I'm using a Harrick Expanded Plasma Cleaner which has an RF
inductively coupled plasma (http://www.harrickplasma.com/products.php).
I use the Plasma Cleaner on the "High" setting which corresponds to
29.6W. A manually controlled valve allows air to flow into the chamber,
but I don't know at what pressure. A metal wire is wound around the
chamber to induce the RF field.
The chamber is cylindrical with the cylinder lying on its side -- so
the bottom of the chamber is curved. The plasma looks like a band that
has the same axis as the cylinderical chamber. Radially, the plasma is
symmeteric; however, the plasma varies in intesity along the chamber.
Where the field is weaker (at the ends of the chamber) the plasma is
correspondingly weaker.
I put my rectangular solid-ly shaped PDMS pieces along the bottom of
the chamber. The pieces are all the same height. Corresponding to your
advice, now I've tried not to vary them along the length of the chamber,
but only radially since the plasma is constant radially.
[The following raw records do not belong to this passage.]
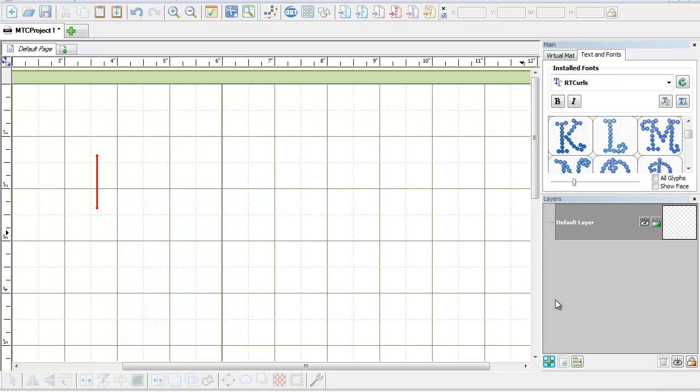Hi, this is Sandy Jo from RhinestoneTemplates.com. I'm going to show you a few little tricks to make the cut today. We're going to be working with my TrueType fonts. The RT stands for Rhinestone Templates — the RT TTF fonts that you can purchase off of our website. There are a lot of other vendors that have the TTF fonts too, but I'm working with the ones that we have — the RT fonts.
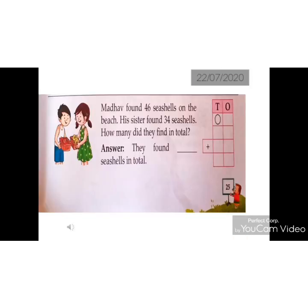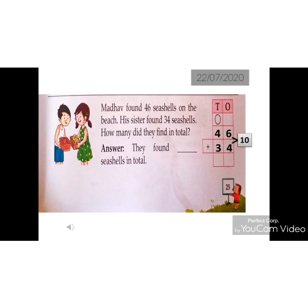In the given question, 4 boxes are given. Leave the first box for carryover. Write down 46 in the second box. 46 is 4 tenths and 6 ones. Below 46, write down 34. 34 is 3 tenths and 4 ones. Now, at the ones place, numbers are 6 plus 4, which is equal to 10. 10 is 1 ten and 0 ones. Carry forward 1 and write down 0 under ones place. Now, at the tenths place, 1 plus 4, which is equal to 5, plus 3, which is equal to 8.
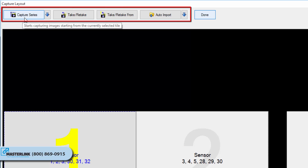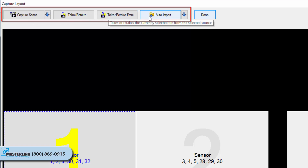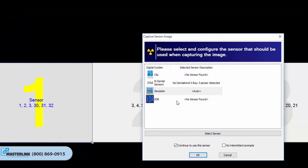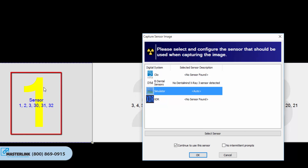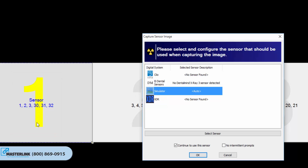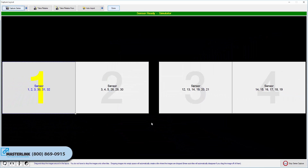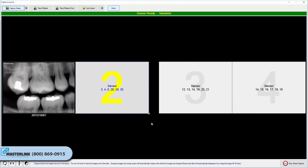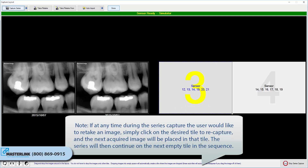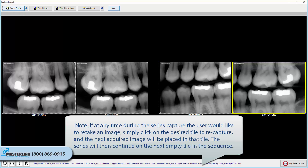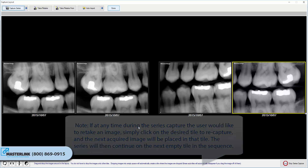These are your capture buttons, used for image acquisition. The Capture Series button begins the automated series capture. The large yellow numbers on the layout tiles indicate the order in which they will be captured. If no preferred imaging extension is set for the layout, the user will be prompted to select an available imaging device. If at any time during the series capture the user would like to retake an image, simply click on the desired tile to recapture, and the next acquired image will be placed in that tile. The series will then continue on the next empty tile in the sequence.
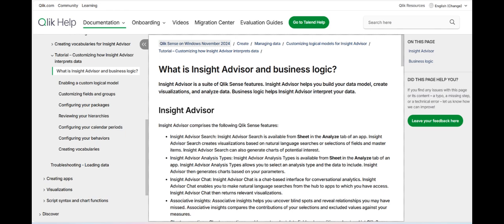In conclusion, Qlik Insight Advisor is a smart and innovative tool that brings AI-driven analytics to the fingertips of users, making it easier to uncover meaningful insights and drive data-informed decisions. Its strengths lie in its intuitive interface, natural language processing, and ability to generate instant, relevant insights.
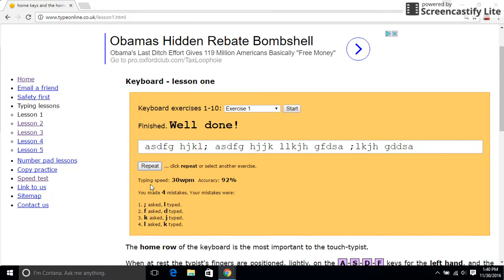This is where you get your grades. 30 words per minute, accuracy is 92. It tells you the mistakes you made and shows you which ones you made. That's about it for typing lessons.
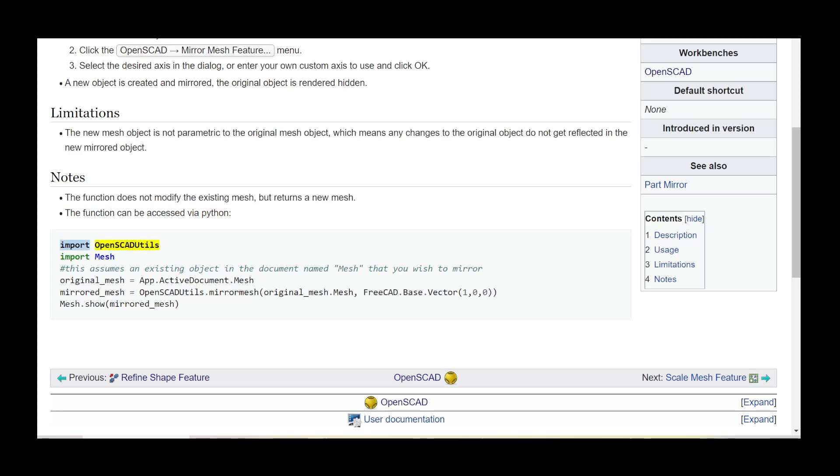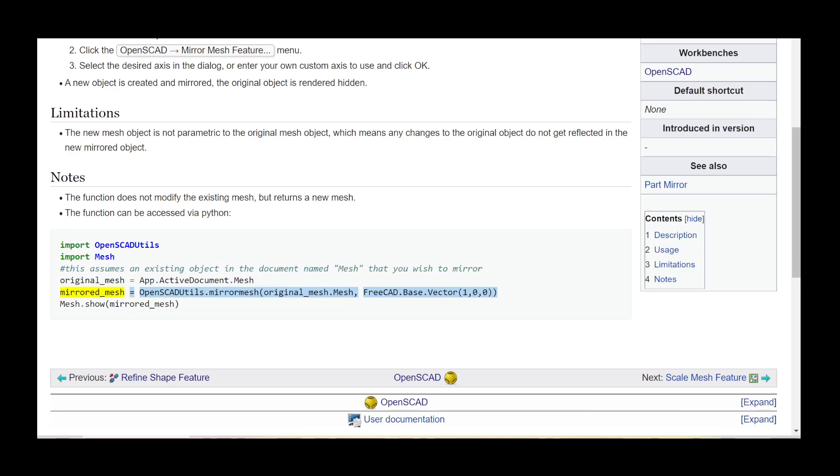Import OpenSCADUtils. This assumes an existing object in the document named 'Mesh' that you wish to mirror. original_mesh = App.ActiveDocument.Mesh. mirrored_mesh = OpenSCADUtils.mirrorMesh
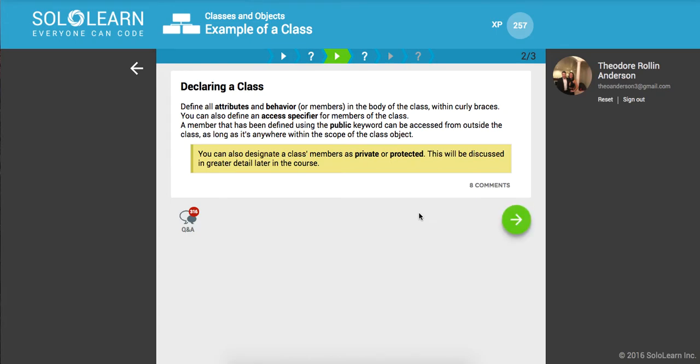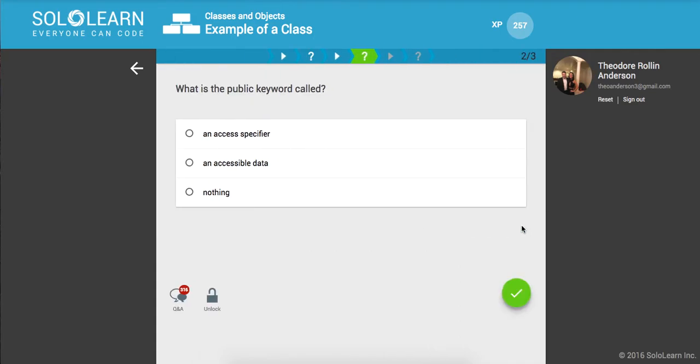Define all attributes and behaviors in the body of the class within curly braces. You can also define an access specifier for members of the class. Remember that anything defined using public can be accessed from outside the class whenever we make a new instance of it. You can also designate class members as private or protected - this will be discussed in greater detail later in the course. So what is the public keyword called? This is an access specifier.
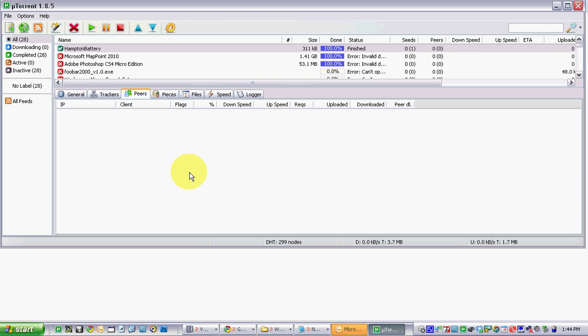Hey guys, today just a quick tutorial on how to enable your web user interface in uTorrent, which allows you to operate your torrent client anywhere in the world as if you're sitting in front of it.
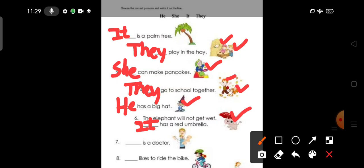She is a doctor. So you can see here we have a female doctor. So which pronoun is used for female gender? She. Pronoun she. She is a doctor. He likes to ride a bike. A little boy is riding a bike. So pronoun he can be used in place of a boy. He likes to ride the bike.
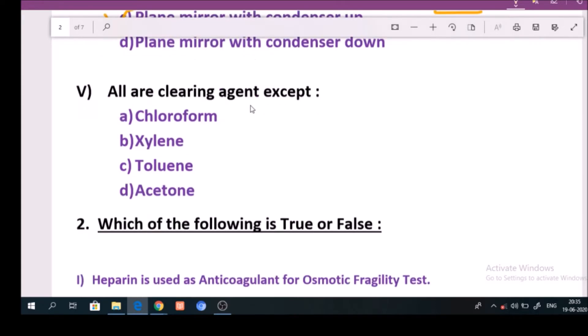Question number 5: All are clearing agents except. Answer is option D: Acetone.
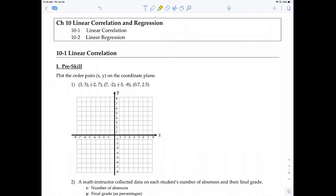Hey, what's up guys? So this is going to be the first video for Chapter 10, Linear Correlation and Regression. In this video, I'm going to cover 10-1, Linear Correlation.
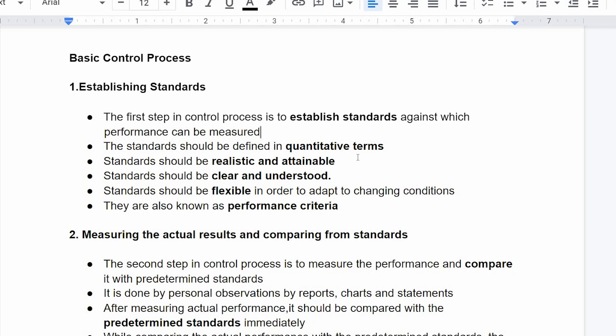Standards should also be defined in quality terms. Standards should be realistic and attainable.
So, what I understand from your email is that it's important that all
of the PDMS surfaces see the same plasma strength. --do you have any
technical explanation for why this is? are there any papers you can
refer me to? I've done research and found many papers using plasma
activation for PDMS surfaces, but I haven't found any sources that
clearly explain the actiavation and bonding phenomenon and the effects
of the different parameters (power, duration, pressure, etc...). The
closest paper I've found to explaining what I'm after is
"Three-dimensional Micro-Channel Fabrication..." by Byung-Ho Jo et al.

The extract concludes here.